А разве папа другой? Или те, кого он помнил по прежним временам и потому вернулся к ним, не задавшись вопросом, чем они занимались в дальнейшем, почему выжили? Пили?! И только?!
Так вот, однажды, уже отчаявшись встретить в магазине шампанских вин моего папу, я вдруг увидел у стоячка его одесского приятеля и радостно замаячил перед ним. Писатель некоторое время смотрел, не замечая, потом морщины его сомкнулись, как створки, губы презрительно зашевелились, вспоминая.
— Сарычев? — громко, с вопросительной интонацией, окликнул он меня.

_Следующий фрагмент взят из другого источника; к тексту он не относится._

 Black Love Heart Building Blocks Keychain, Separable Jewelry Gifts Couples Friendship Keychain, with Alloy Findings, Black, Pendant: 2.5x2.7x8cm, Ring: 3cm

Я обрадованно кивнул, поспешно подошел.
— Вон отсюда, ублюдок! — закричал он.
Кляня папу за предательство, я бросился было прочь, но услышал посланное мне вдогонку:
— Стой! Деньги есть?
— Да, — я остановился, обернулся, вернулся, — немного…
— Сколько?
— Шесть рублей тридцать копеек, — соврал я или сказал правду, если иметь в виду деньги на водку.
— Врешь! — обрадовался писатель.
Я сунул руку в карман, извлек все, что там было, и протянул на открытой ладони, как приманку незнакомой собаке; тот нетерпеливо пересчитал.
— Беру взаймы! — сообщил он, сгребая деньги.
Я молча смотрел на него.
— Чего стоишь?! — с нарастающей злобой спросил он, — дуй! И это все?!
— Какой прекрасный писатель… и человек, — заметил Сарычев, откладывая газету с некрологом, — тебе что-нибудь говорит это имя?